Sabtu, 30 November 2013

Penyelewengan BUMN Berlatar Politik

Penyelewengan BUMN Berlatar Politik
Arif Minardi  ;   Anggota Komisi VI DPR
KORAN JAKARTA,  28 November 2013
  


Ada sederet modus penyelewengan dana BUMN untuk kegiatan politik praktis.
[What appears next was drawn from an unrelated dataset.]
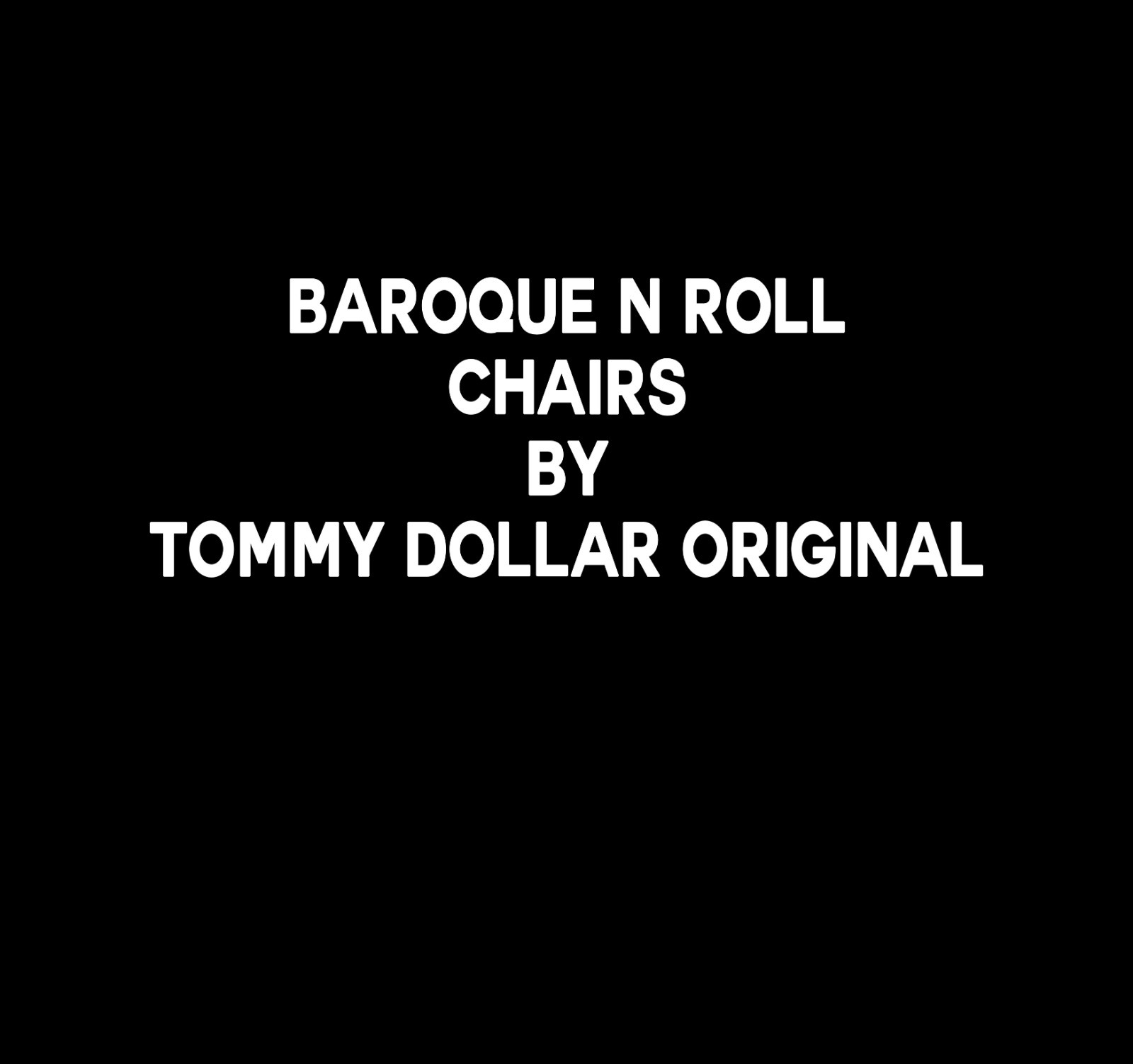 Chairs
Modus tersebut sangat rapi dan terbungkus dengan program sosial dan kemasyarakatan yang selama ini dilakukan pengelola BUMN. Modus itu semakin marak karena pucuk pimpinan BUMN semakin getol bermain politik praktis dan terjun langsung dalam kegiatan konvensi parpol untuk merebut tiket calon presiden dalam Pemilu 2014.

Sudah barang tentu aksi Menteri BUMN, Dahlan Iskan, yang getol bermain politik praktis berpengaruh langsung terhadap kondisi pengelola BUMN yang secara halus dan diam-diam mendapat tekanan dan bermacam titipan kegiatan sosial sepanjang tahun politik. Tekanan itu bisa datang dari para komisaris BUMN yang notabene kebanyakan adalah inner-circle penguasa atau mantan menteri dan mantan pejabat negara lainnya.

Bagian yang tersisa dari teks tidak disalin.